Regardless of the Series’ outcome, Cleveland fans will get the chance to revel in one long-awaited championship win on Tuesday before watching the beginning of a nail-biting conclusion to another long-awaited playoff run. The Cavaliers are scheduled for 7 PM EDT on October 25, while the Indians will take the field at 8 PM EDT.
If any team can turn a six-day rest period into an advantage, it’s the Indians. The club polished off their pennant race with another injured starter and an overtaxed bullpen, as Trevor Bauer exited in Game 3 of the ALCS with a laceration on his right pinky finger, leaving the bullpen to shoulder 16 innings through the last three games of the series. On Friday, MLB.com’s Jordan Bastian reported that injured starter Danny Salazar could rejoin the rotation in the World Series, though he’ll need at least one more simulated game before Terry Francona determines whether or not he’s fit to return for the team’s last postseason push.
Bauer, who has been under the close watch of hand specialist Dr. Thomas Graham, told the press that he feels confident that he’ll be ready for a World Series start when the final showdown commences on Tuesday. Keeping the wound bandaged is not an option during games, and Bauer said that Dr. Graham decided against additional stitches to keep the laceration from re-opening. Instead, they’re banking on extra days of rest to heal the cut naturally. Should Francona pencil the right-hander into the lineup for Game 3 or 4, he’ll have had 10-11 days to rest his finger between starts — just a hair under the seven games Bauer said he was prepared to pitch.
Salazar, too, has been preparing for a World Series showdown.
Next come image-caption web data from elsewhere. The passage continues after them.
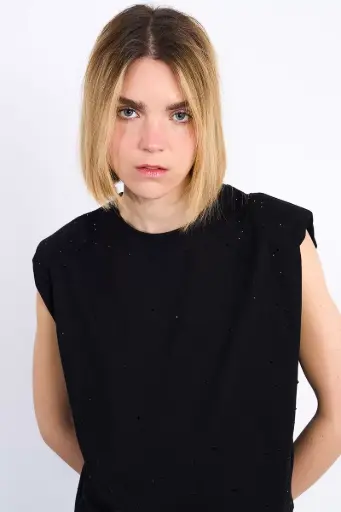 Camiseta sin mangas pedrería 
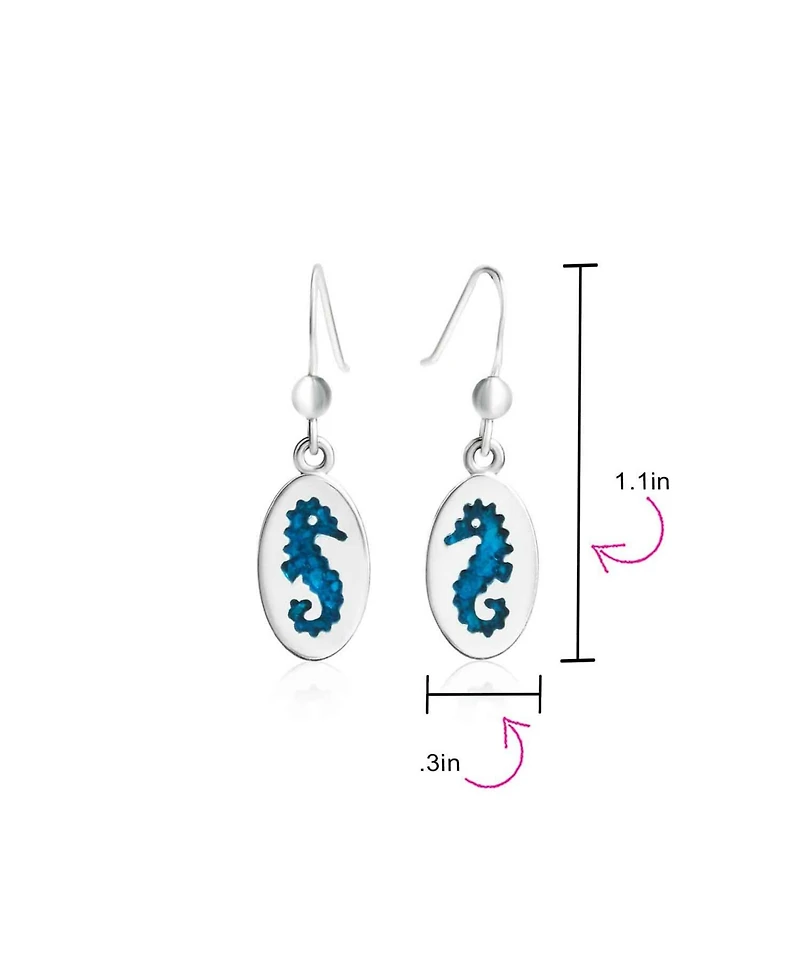 Bling Jewelry Sea Animal Nautical Beach Vacation Inlay Enamel Blue Oval Seahorse Dangling Earrings .925 Sterling Silver Fish Hook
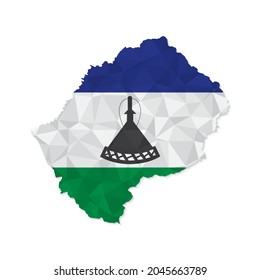 Lesotho map in polygonal style on white background. Vector illustration eps 10.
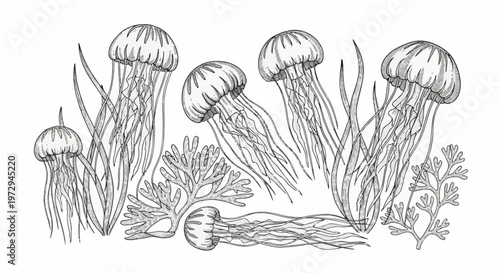 Detailed black and white engraved illustration featuring several jellyfish swimming among underwater plants and seaweed, intricate line art drawing isolated on white background.
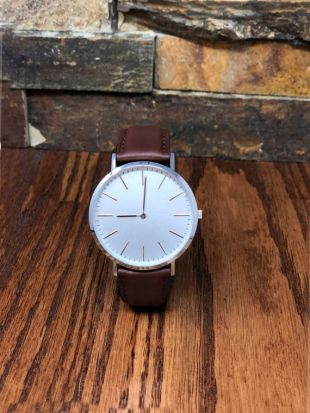 Personnalisé Mens Wrist Watch- Cadeaux pour hommes- Brown Leather Watch- Anniversaire- Papa- Grand-père- Marié - Cadeau de Noel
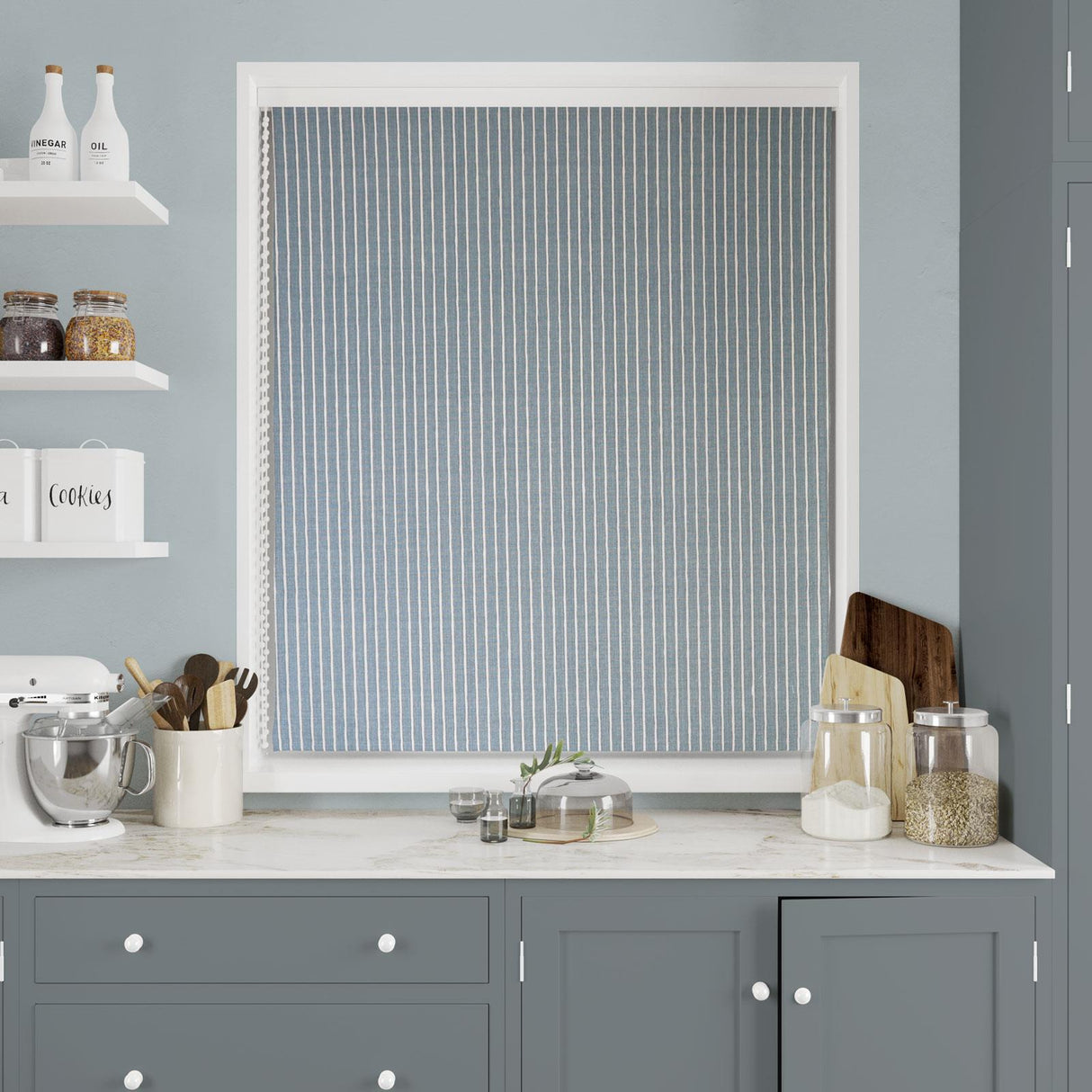 Pencil Stripe Ocean Made To Measure Roman Blind by Style Furnishings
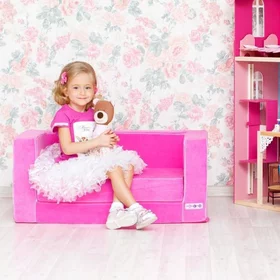 Раскладной игровой диванчик серии Классик, цвет розовый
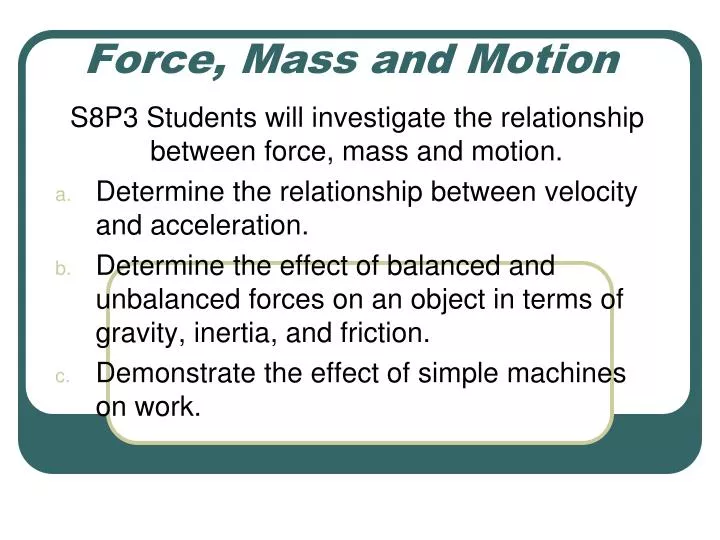 force mass and motion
He’s scheduled to pitch three innings of a simulated game this weekend, and if it goes well, it could land him a spot in the starting rotation alongside Bauer, Corey Kluber, Josh Tomlin, and newcomer Ryan Merritt. Salazar has been sidelined since September 9 with a right forearm strain, and even after undergoing a rigorous throwing program over the last several weeks, any kind of comeback is expected to be curbed by a strict innings limit. Francona has been understandably tight-lipped about his World Series roster, but he hasn’t yet nixed the idea of utilizing Salazar out of the rotation, provided the right-hander remains healthy for another week or so.
The Indians have had to remain flexible throughout their seven-game playoff run after weathering injuries to Corey Kluber and Trevor Bauer, pushing their rotation through several games on short rest and relying heavily on Andrew Miller and Cody Allen‘s one-two punch in the ‘pen to clinch more than a few postseason victories. While history doesn’t always favor the first team to secure their league’s pennant race, an extra week of rest should only benefit Cleveland’s beleaguered pitching staff.